Fabrizio Ferri, assistant professor at Columbia Business School, believes facilitating a dialogue is the IR professional’s chief responsibility. ‘The IRO’s job is to promote that conversation in a systematic and organic way ahead of an actual vote,’ he emphasizes.
Avoiding the hot seat
Some companies know they’re facing thorny compensation issues but can still be taken aback when one of the major advisory firms recommends a ‘no’ vote.
Smith faced that situation when Glass-Lewis again issued a critical report on the company’s pay practices in April 2012 – even though ISS had been favorable for the previous two years running.
He finds the mixed messages frustrating: ‘You don’t always know how to get an A,’ he says. ‘It’s all about carrots and sticks, and the big stick is when proxy consultants go after board members. That’s how they flex their muscle.’
Too often, observes Evenden, the arguments about executive compensation hinge on arcane points requiring lengthy explanation. In 2011, for instance, ISS measured Nvidia’s performance on a calendar year rather than the fiscal year used by the company. This meant ISS’ assessment was very different from Nvidia’s (semiconductor stock prices are notoriously volatile).
ISS also penalized Nvidia for dramatically increasing CEO Jen-Hsun Huang’s salary, even though it had returned to usual levels after he received $1 in compensation the previous year. ‘It was touch and go for a while because this registered as a massive pay increase,’ says Evenden.
Although many things can trigger say-on-pay woes, poor performance is a factor. Zajdel is hopeful that Consol’s record net income and record cash flow from operations in 2011 will be favorably viewed by shareholders. Last year, Consol received 55 percent support in its say-on-pay vote.
Even with strong performance and no compensation red flags, however, many companies are still dead serious about their say-on-pay efforts.
Microsoft, for instance, received 99 percent support last year for its pay package – and yet twice a year, Bill Koefoed, general manager of IR, and John Seethoff, vice president and deputy general counsel, reach out to the proxy teams at 20 to 30 of the company’s largest investors.
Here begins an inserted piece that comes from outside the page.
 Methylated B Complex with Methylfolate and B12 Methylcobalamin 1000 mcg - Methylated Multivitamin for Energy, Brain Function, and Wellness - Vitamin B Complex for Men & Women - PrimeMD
‘Our CEO’s base pay was $500,000 and his bonus was $500,000,’ says Koefoed. ‘Given that we’re a Fortune 10 company, people don’t have a problem with that.’
Inspired by efforts to shore up the company’s say-on-pay vote, Evenden is looking for ways Nvidia can communicate plainly about compensation in its proxy. In this sense, say on pay is proving a resounding success. Evenden also welcomes the new dialogues the issue has sparked, as does Gennarelli.
‘All in all, I’ve developed a much stronger relationship with the voting side of these institutions, which I’d never cultivated before,’ Gennarelli notes. ‘Say on pay definitely spurred that.’
A new dialogue
Ferri confirms that in the UK, where say-on-pay votes have occurred for the past decade, the main benefit has not been lower executive compensation levels (these haven’t budged) but in setting the stage for a constructive conversation.
In the US, where compensation sums have hit astronomic levels unknown elsewhere, say on pay might actually temper corporate largesse, suggests Ferri.
‘The whole point of a say-on-pay vote was to provide the board with the backbone to stand up to the CEO when it comes to compensation,’ he observes. And although one year makes for a very short track record, he’s seen signs that say on pay is achieving this end, too.
Reading the most recent round of proxies, Ferri notes that many companies did address shareholders’ concerns about compensation and altered their pay policies accordingly.
Consol Energy, for instance, froze executive salaries and reduced CEO Brett Harvey’s annual salary by $100,000, moving his payout to more at-risk forms of compensation.
‘What you want is a more constructive conversation about how to turn the compensation scheme into a competitive weapon for a company to perform better,’ concludes Ferri. ‘The anecdotal evidence so far is that companies responded to the votes.’